### PROVIDED DATA
####################

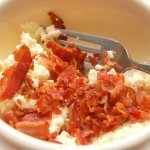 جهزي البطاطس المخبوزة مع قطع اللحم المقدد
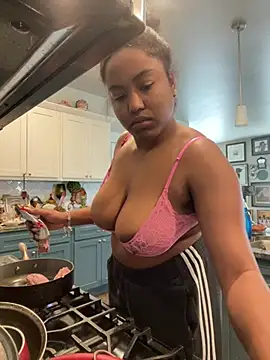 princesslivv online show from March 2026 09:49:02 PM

####################

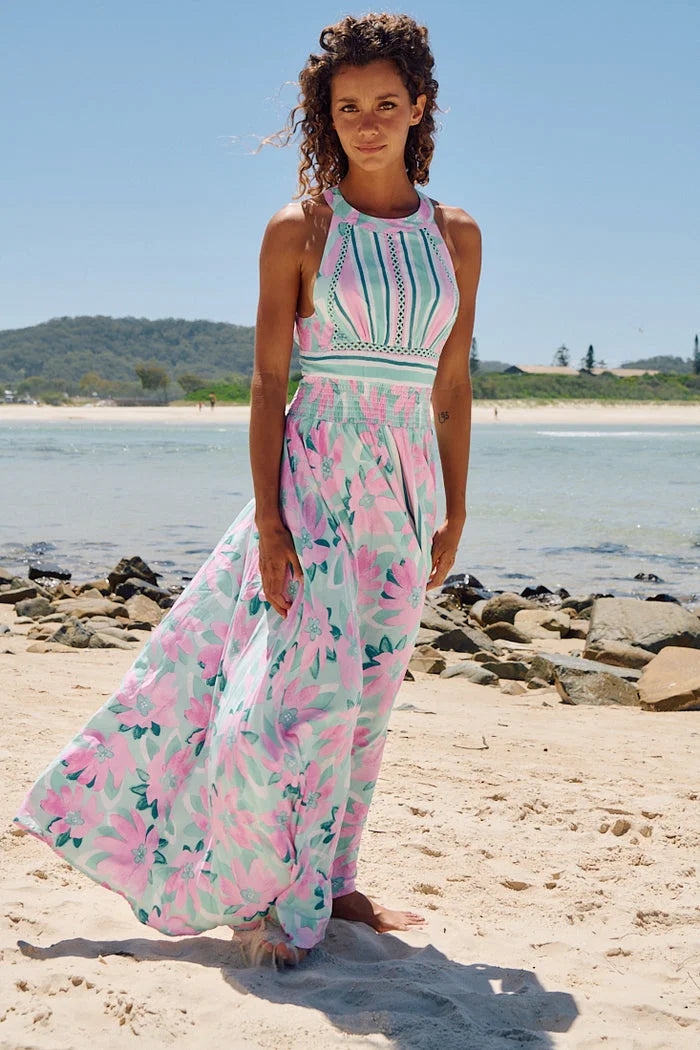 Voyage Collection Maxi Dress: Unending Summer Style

####################

### HOW TO COMPLETE THIS TASK
Both the line containing "جهزي البطاطس المخبوزة مع قطع اللحم المقدد" and the line containing "princesslivv online show" above belong in the output, as do the lines between them. Print them exactly, without pictures.

### ANSWER SECTION
 جهزي البطاطس المخبوزة مع قطع اللحم المقدد
 princesslivv online show from March 2026 09:49:02 PM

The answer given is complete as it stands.